=== SUPPLIED ENTRIES ===
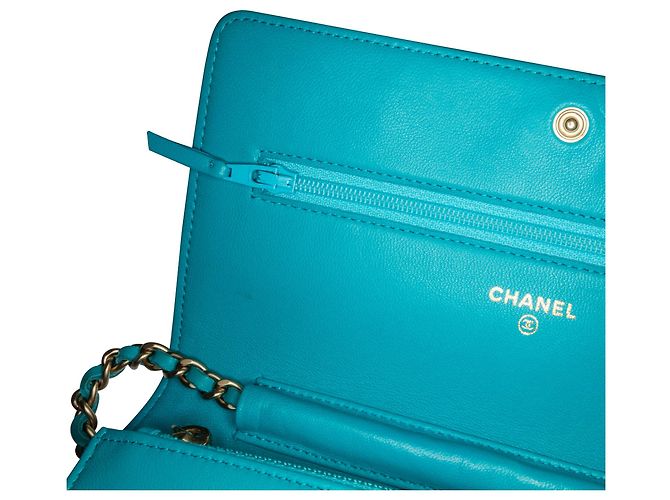 Wallet On Chain Borsa a tracolla con catena Chanel in pelle di agnello con stampa CC e camelia blu - vista 8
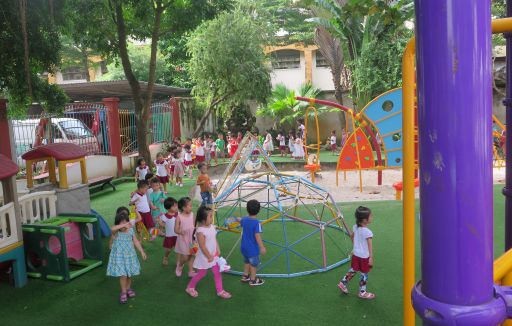 Bé vui hội trăng rằm năm 2019
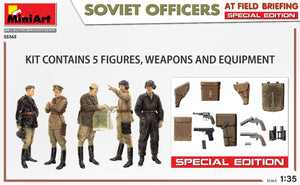 MINIART (1/35) Soviet Officers At Field Briefing Special Edition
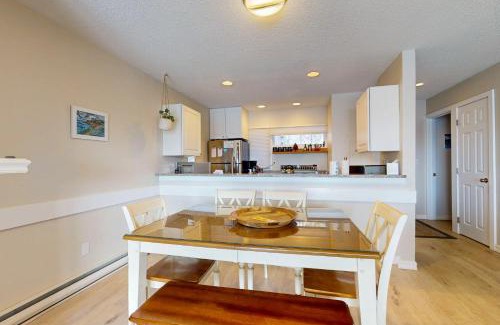 Maple City Apartment | Great Lakes 11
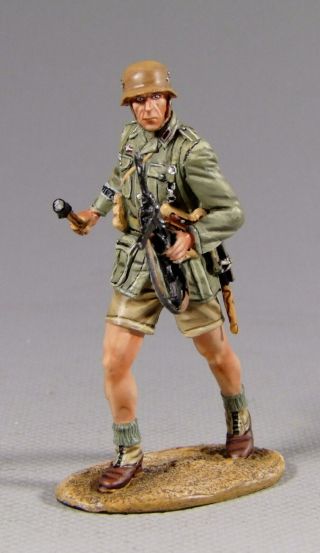 First Legion Dak028 German Afrika Korps Standing With Grenade And Mp40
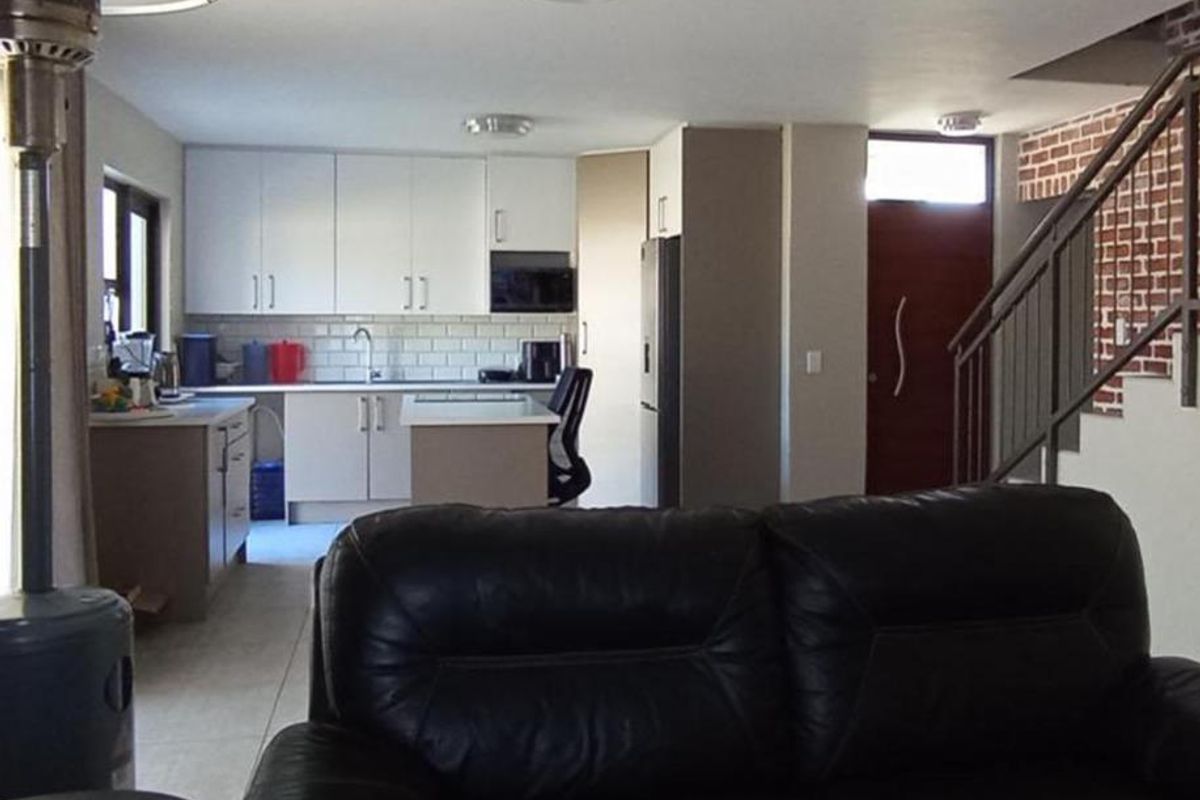 A home that reflects your success. - Photo 3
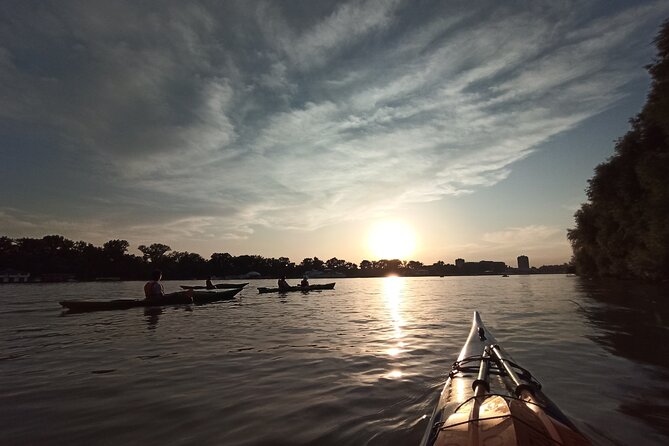 Belgrade sunset kayak tour - Lido Beach and the open river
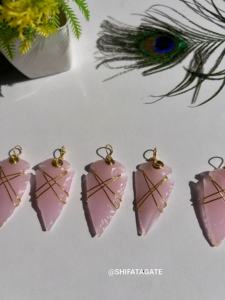 Shifat Agate Divine เครื่องประดับผู้หญิงทำด้วยมือจี้ลูกศรควอตซ์ดอกกุหลาบลวดทองคริสตัลบำบัดสีชมพูทันสมัย - Product Image 3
===
WHAT YOU NEED TO DO: Excerpt from the records above: set down only the lines from the one that contains "Bé vui hội trăng rằm năm 2019" through the one that contains "Belgrade sunset kayak", inclusive, word for word. Pictures stay out.

RESPONSE:
 Bé vui hội trăng rằm năm 2019
 MINIART (1/35) Soviet Officers At Field Briefing Special Edition
 Maple City Apartment | Great Lakes 11
 First Legion Dak028 German Afrika Korps Standing With Grenade And Mp40
 A home that reflects your success. - Photo 3
 Belgrade sunset kayak tour - Lido Beach and the open river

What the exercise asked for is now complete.